The two-man groundsman team at the High Barnet Stadium were joined by colleagues from The Hive and one or two diehard fans this morning to clear the playing surface for an Arsenal youth game tomorrow.
Armed with just a few shovels and a love of football, and helped, or at times perhaps hindered, by the efforts of a Times Series reporter and photographer, the gang got to work shifting the three-inch layer of white engulfing the covers of the League Two pitch.
Head groudsman Barry Moggridge has been with the club for the past six years and says he knew what was coming when the snow began to fall on Friday.

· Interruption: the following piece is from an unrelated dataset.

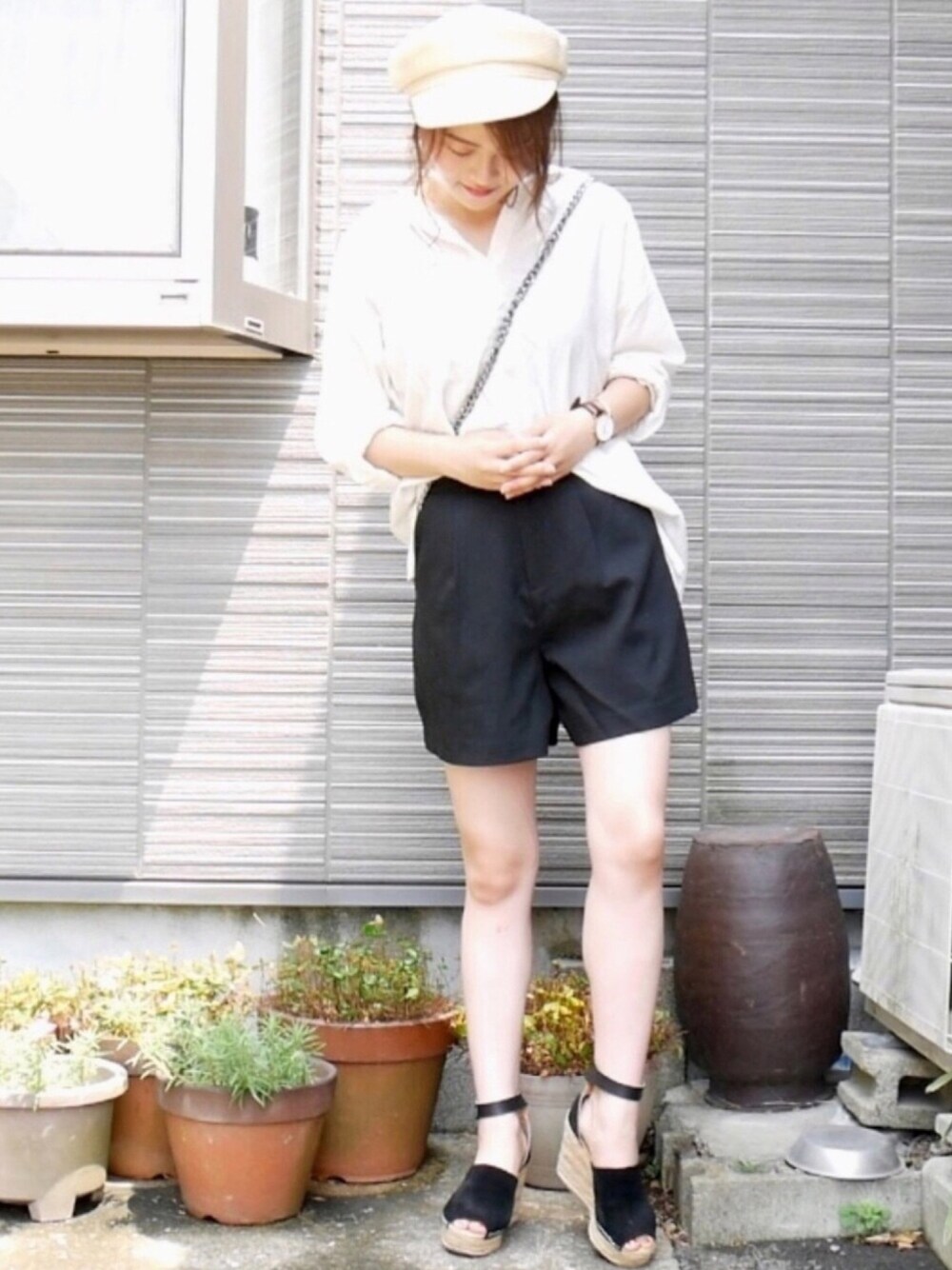 ブラック系のその他パンツ、ブラック系のサンダル、ホワイト系のシャツ/ブラウスを着用したレディースの夏コーディネートの1枚目の写真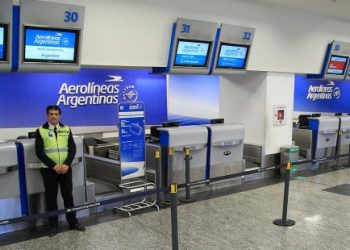Los controladores aéreos justifican la protesta y aseguran que la medida «excede lo salarial»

He said: “You can’t print in the paper what I was thinking when I saw it coming down. The snow isn’t the problem - it’s the frost and the cold weather that keeps it here.
“It does make my life a bit more difficult but we have to just deal with it.”
The Bees have already lost one game to the snow, having been forced to cancel their league match against Fleetwood Town last Saturday.
Barnet do not play at home again until February 9 but the grounds staff are racing against time to try and get the snow cleared in time for tomorrow’s youth game.
Covers on the pitch, which took Barry and his four colleagues the best part of a day to put on, will protect the surface from freezing in temperatures as low as minus six degrees.
But with temperatures continuing to plunge and the pitch due to be exposed, the match is already in doubt.
Barry said: “We’ll stay late today and put the floodlights on so we can carry on working. We’re out here in all weathers. It could be chucking it down with rain and you’re out here cutting the grass or full of snow like today.
“But it’s a passion. You want your pitch looking its best. You do it for the fans so they can come through the door and think ‘wow, that looks good’. If that happens, then it is all worth it.”